The TS Alliance is a Partner in the Developmental Synaptopathies Consortium (DSC).
The Developmental Synaptopathies Consortium (DSC) aims to better define and understand the biology underlying autism spectrum disorder (ASD) and intellectual disability (ID). Because the causes of ASD and ID are diverse and numerous, the DSC focuses on comparing and contrasting three rare genetic disorders that each have a high prevalence of ASD and ID: Phelan-McDermid syndrome, PTEN hamartoma tumor syndrome, and tuberous sclerosis complex (TSC).
TSC causes non-malignant tumors to form in many different organs, primarily in the brain, heart, kidney, skin and lungs. The severity of TSC can range from mild skin abnormalities to, in severe cases, intellectual disability, renal failure, seizures, and autism. Many TSC manifestations also develop later in life. Most individuals who are mildly affected by TSC lead active and productive lives, but it is important to realize that TSC is a life-long companion and individuals should receive continuous follow-up care.
Due to better testing methods, estimates of TSC frequency have risen dramatically in recent years as individuals with less-severe manifestations of TSC are identified. Population-based studies place the prevalence to be 1 in 6,000 live births. It is estimated that approximately 50,000 Americans and 1 million individuals worldwide have TSC.
The Tuberous Sclerosis Alliance (TS Alliance) is the only national organization dedicated to finding a cure for TSC while improving the lives of those affected. The TS Alliance delivers programs and information to individuals and families affected by TSC, provides community and professional education, and advocates with federal and state governments. In addition, the TS Alliance stimulates and supports basic, translational, and clinical research.
As a partner in the DSC, the TS Alliance serves as a two-way communication conduit representing the needs and priorities of individuals impacted by TSC to the DSC and spreading awareness of research opportunities to the TSC community. The TS Alliance contributes more than $25,000 per year toward costs associated with imaging and image analysis, and provided funding to support the DSC launch meeting in Boston. Additionally, blood samples collected by the DSC for future biomarker studies are being stored and will be distributed to qualified researchers by the TS Alliance-funded TSC Biosample Repository.
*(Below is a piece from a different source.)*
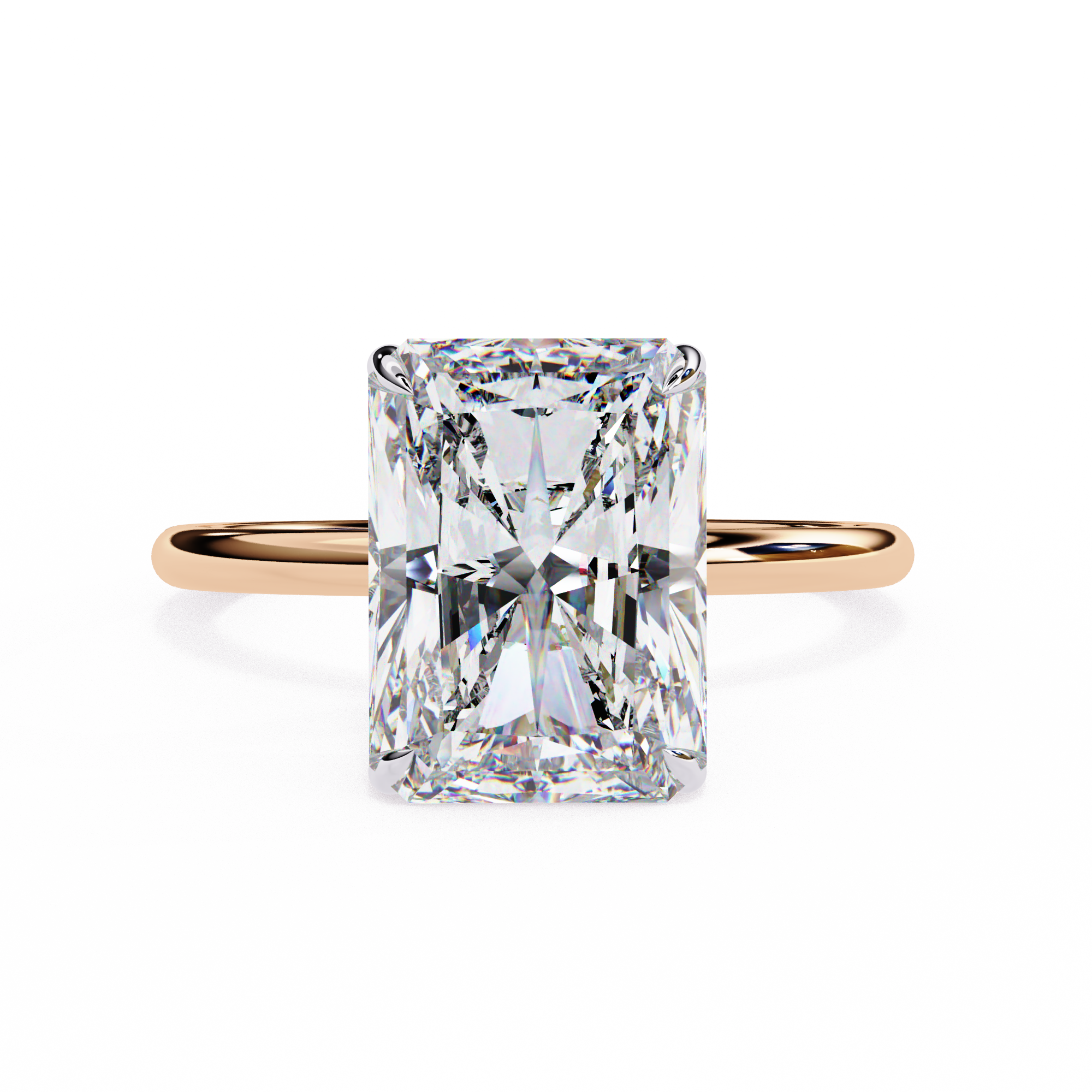 Radiant Solitaire Ring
Collaborations such as this leverage the strengths and capabilities of basic scientists, clinical researchers, and patient advocacy groups in ways that would be impossible working as individuals.
Through the DSC, the TS Alliance gains the opportunity to exchange ideas and learn from other patient advocacy groups, while researchers specializing in different rare disorders are able to share ideas and insights into three distinct but related disorders. Furthermore, what is learned from studying the common biology underlying ASD and ID in these three genetic disorders may reveal insights into risk factors for ASD and ID in the general population.